Setting up Athena is pretty straightforward. It requires three things to be done:

  1. Install Athena.
  2. Initialize the configuration.
  3. Start the parser.

Installing Athena

In order to install Athena you are required to have Go 1.19+ installed on your machine. Once you have it, the first thing to do is to clone the GitHub repository. To do this you can run

$ git clone https://github.com/desmos-labs/athena.git

Then, you need to install the binary. To do this, run

$ make install

This will put the athena binary inside your $GOPATH/bin folder. You should now be able to run athena to make sure it's installed:

$ athena
A Cosmos chain data aggregator.
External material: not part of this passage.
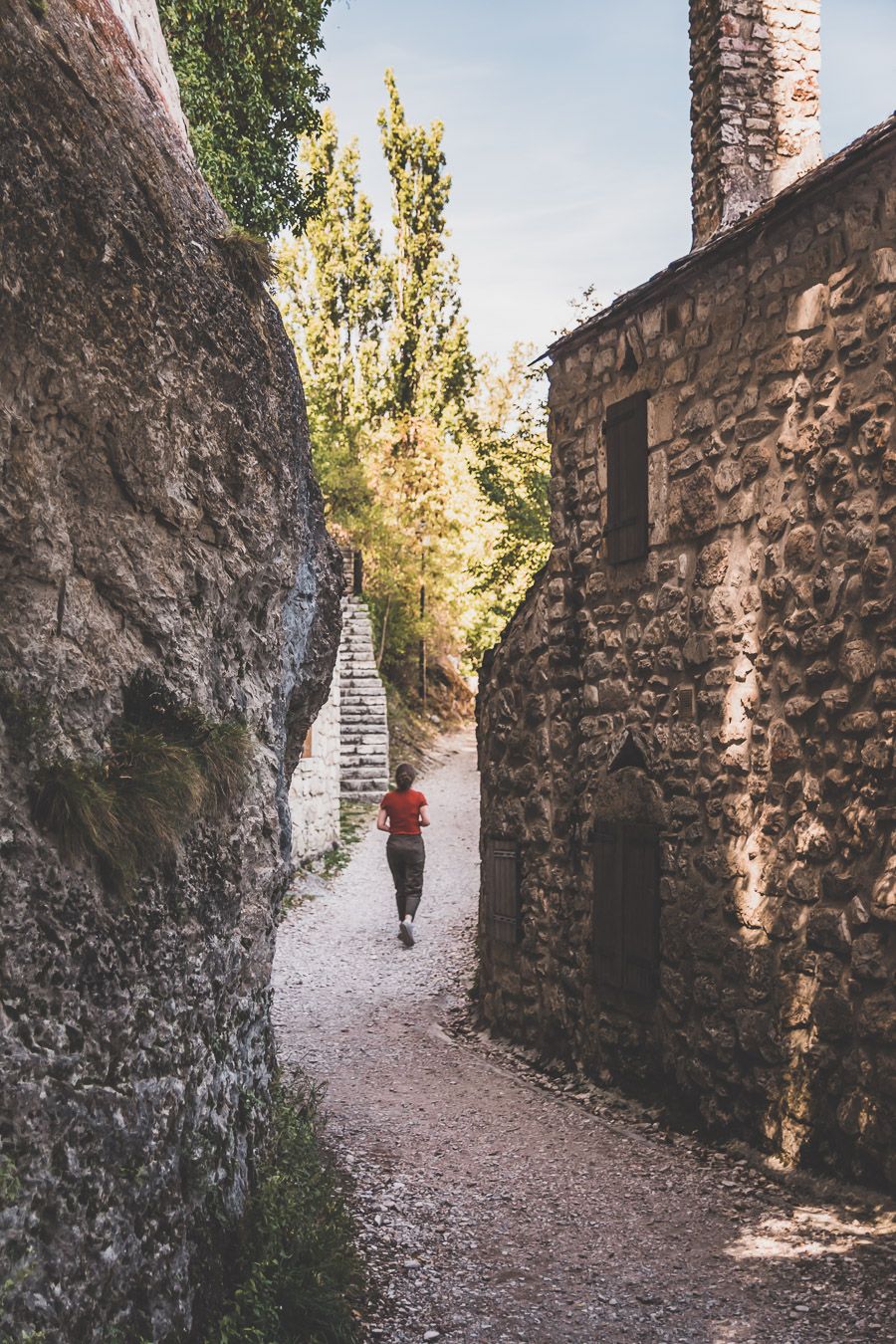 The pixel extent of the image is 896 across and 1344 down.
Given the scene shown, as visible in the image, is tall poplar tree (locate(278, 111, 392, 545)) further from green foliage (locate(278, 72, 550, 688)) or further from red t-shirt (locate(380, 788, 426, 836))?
red t-shirt (locate(380, 788, 426, 836))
It improves the chain's data accessibility
by providing an indexed database exposing aggregated resources and models such as blocks, validators, pre-commits, 
transactions, and various aspects of the governance module. 
Athena is meant to run with a GraphQL layer on top so that it even further eases the ability for developers and
downstream clients to answer queries such as "What is the average gas cost of a block?" while also allowing
them to compose more aggregate and complex queries.

Usage:
  athena [command]

Available Commands:
  help        Help about any command
  init        Initializes the configuration files
  parse       Start parsing the blockchain data
  version     Print the version information

Flags:
  -h, --help          help for Athena
      --home string   Set the home folder of the application, where all files will be stored (default "/home/user/.Athena")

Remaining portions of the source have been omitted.